Tian, Zhihuan, Lin, Guangchun, Jiao, Chuanzhen
Fisheries science 2019 v.85 no.4 pp. 737-746
Eriocheir sinensis, animal ovaries, claws, complementary DNA, crabs, ecdysis, hydrophobicity, juveniles, messenger RNA, muscle tissues, muscles, nucleotide sequences, phosphorylation, phosphotransferases (kinases), protein synthesis, rapamycin, reverse transcriptase polymerase chain reaction, ribosomal proteins, serine, signal transduction, testes, threonine
Ribosomal protein S6 kinases (S6Ks) are key targets downstream of the mechanistic target of rapamycin (mTOR) signaling pathway that are activated by mTOR complex 1 phosphorylation to promote protein synthesis, and are involved in muscle growth and pathology. In this study, we cloned a 1560-base pair (bp) complementary DNA sequence encoding a unique S6K1, designated EsS6K1, in the Chinese mitten crab Eriocheir sinensis. EsS6K1 contains a 54-bp 5′ untranslated region, a 246-bp 3′ untranslated region and a 1260-bp coding sequence that encodes 419 amino acids. EsS6K1 contains a conserved kinase domain, a TOR signaling motif, and a turn motif; it lacks a C-terminal autoinhibitory domain, and the conventional threonine in the hydrophobic motif is replaced with serine. Real-time quantitative reverse transcription–polymerase chain reaction experiments showed that EsS6K1 expression was highest in the ovaries, followed by the testes and the eyestalks, in mature crabs.

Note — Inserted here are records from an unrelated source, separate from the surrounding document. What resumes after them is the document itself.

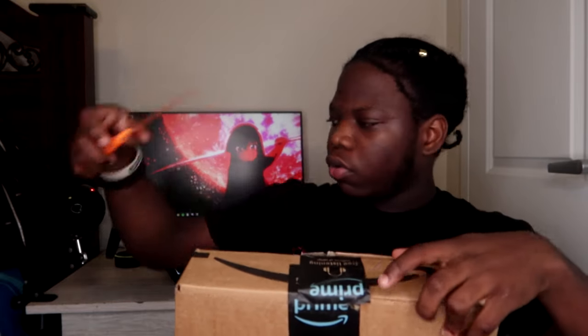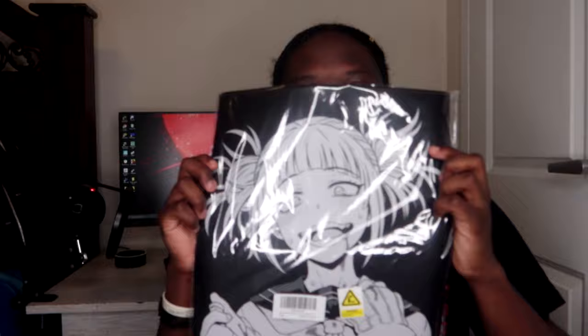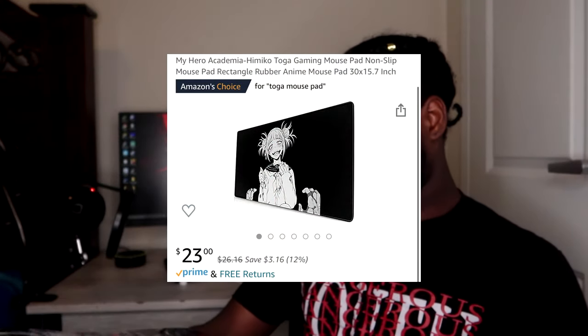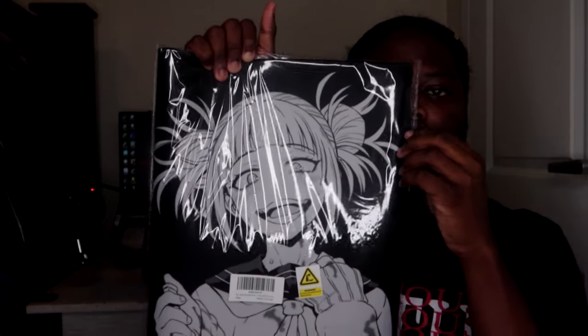I actually don't remember what I ordered in this one but I have an idea. Oh okay — this is my Toga mouse pad for my desk. It still looks so good in person. It's Toga from My Hero Academia — go big or go home, that's just what you gotta do.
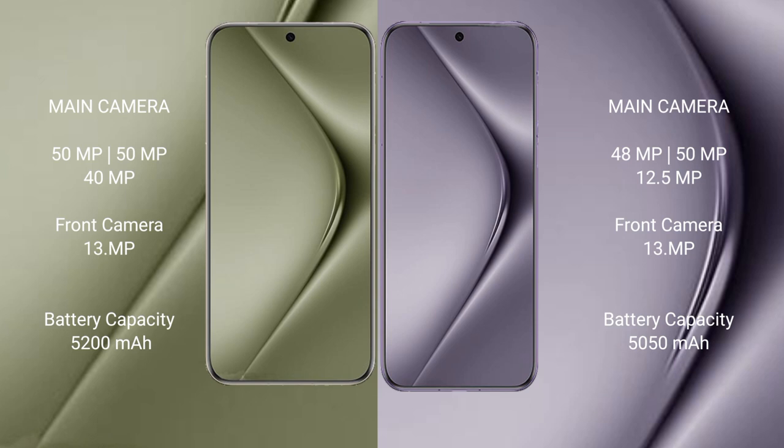The Huawei Pura 70 Ultra has a 5020mAh battery with 100-watt fast charging support. The Huawei Pura 70 Pro has a 5500mAh battery with 100-watt fast charging support.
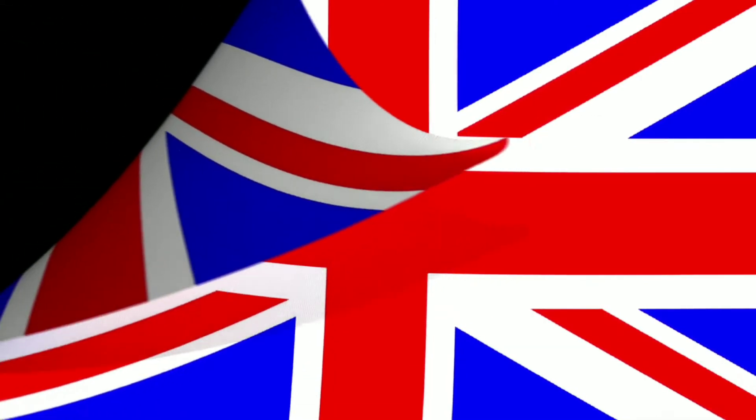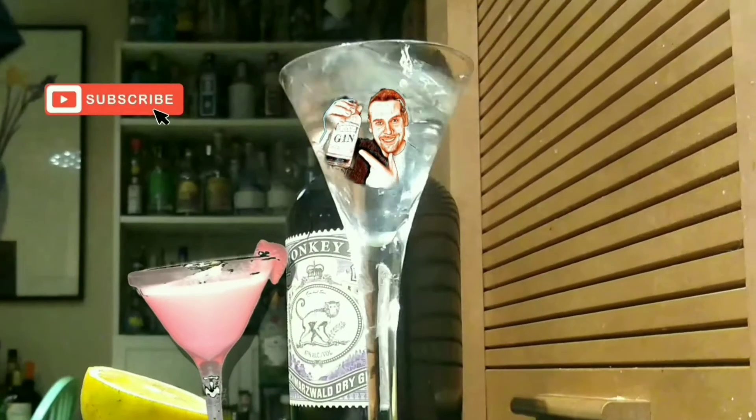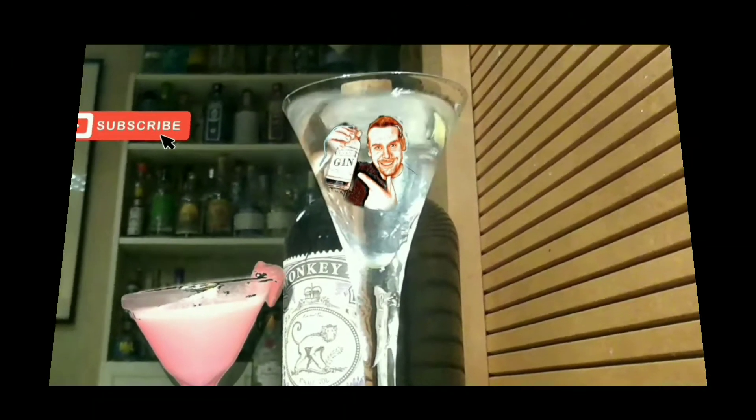Welcome back to Gin Reviews from South Florida. Tonight we are going to go back to the United Kingdom and review Pinnacle Gin. We're coming in at 40%, made in Europe — United Kingdom.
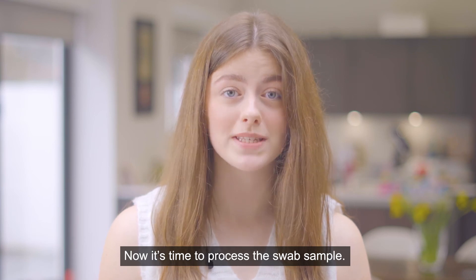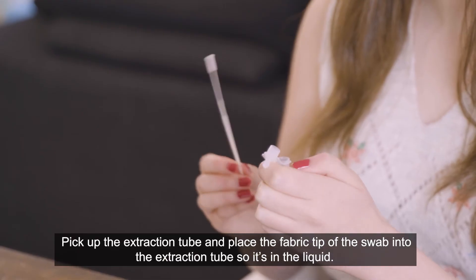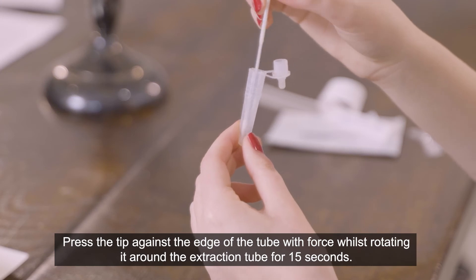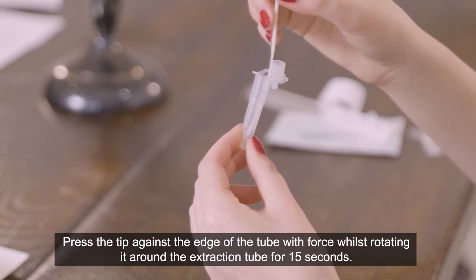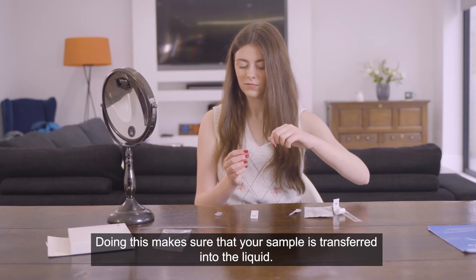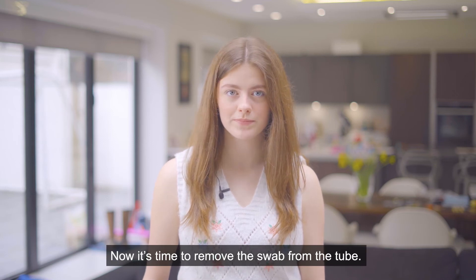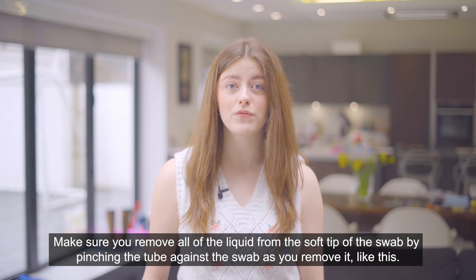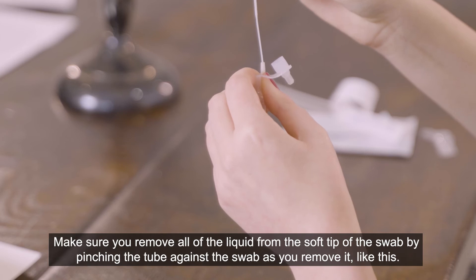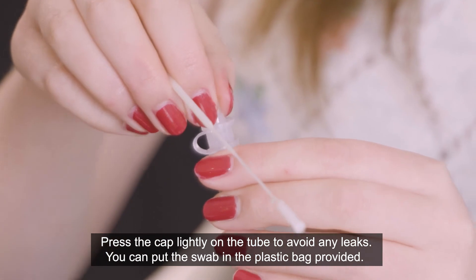Now it's time to process the swab sample. Pick up the extraction tube and place the fabric tip of the swab into the extraction tube so it's in the liquid. Press the tip against the edge of the tube with force whilst rotating it around the extraction tube for 15 seconds, making sure that your sample is transferred into the liquid. Remove the swab from the tube, making sure you remove all of the liquid from the soft tip by pinching the tube against the swab as you remove it. Press the cap lightly on the tube to avoid any leaks.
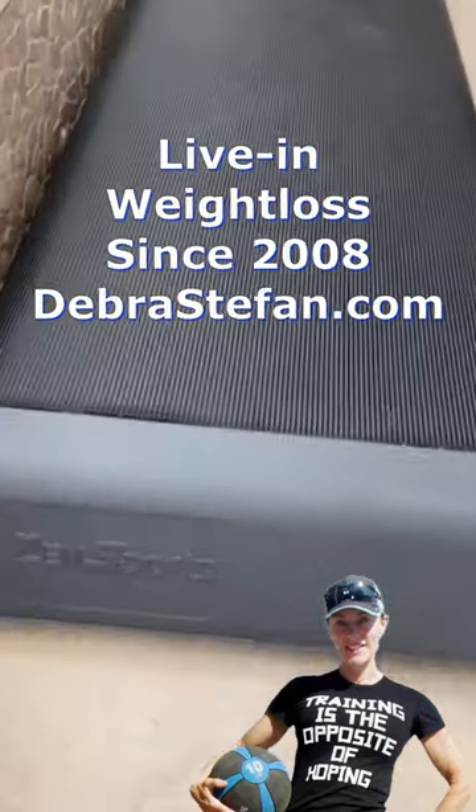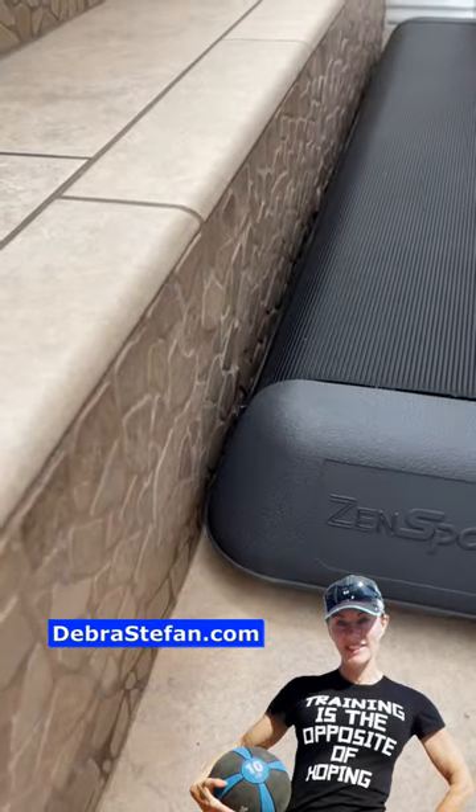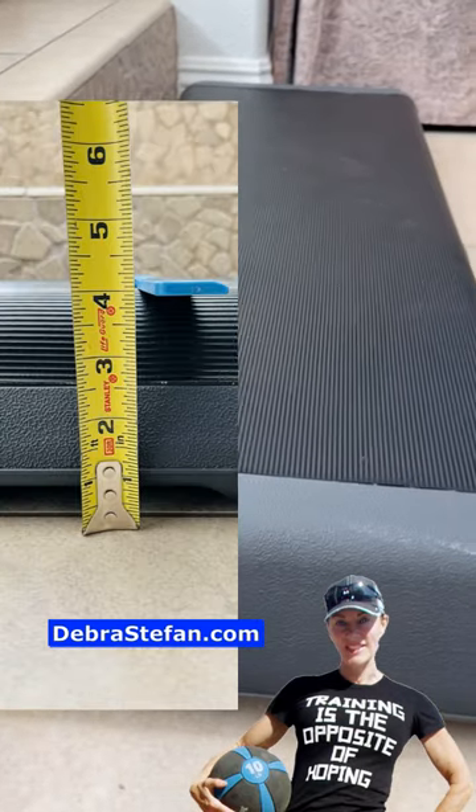What we have here is a four inch high step alongside a regular seven and a half inch household step. This is what we're going to work toward. This is what I do. Thanks for watching.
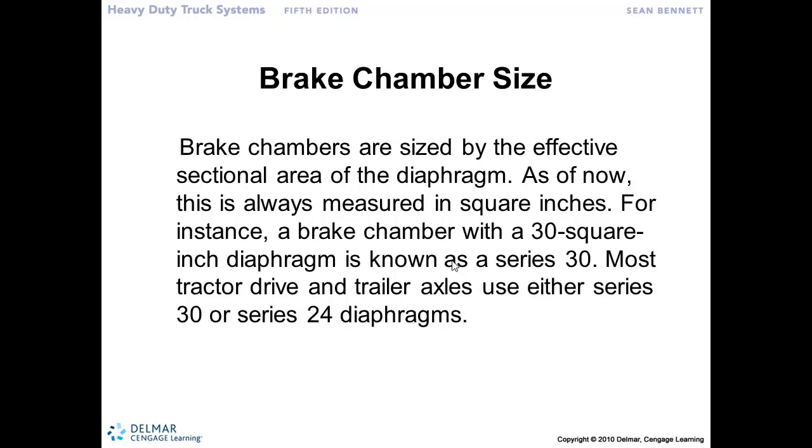The amount of surface area dictates how much force that we've got out there at the brake chambers. So typically, a very typical size is a 30 square inch brake chamber — we call that a Series 30. We can have a Series 24, Series 18 — so again, that's telling us what the size of that piston is that the air pressure is working against.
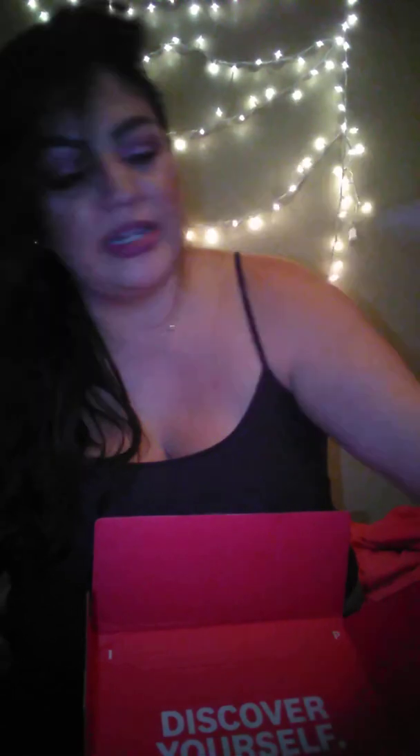'Bite Your Kiss' — it's not for your lips, it's for your fingernails. I'm definitely going to be trying that. It's a really pretty color, like a deep burgundy, kind of like the color of my nails.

In juvenile crabs, the relative messenger RNA levels of EsS6K1 in the claw, walking leg and abdominal muscles were significantly higher in the late premolt (D₃₋₄) stage than in the intermolt (C) stage. After ecdysis, the expression of EsS6K1 in the walking leg and abdominal muscles declined to the level in the C stage, but the expression in claw muscles remained as high as that in the D₃₋₄ stage. The findings showed that EsS6K1 likely plays roles in muscle changes during crustacean molting. These results provide valuable insights into the mechanism underlying crustacean muscle growth induced by molting.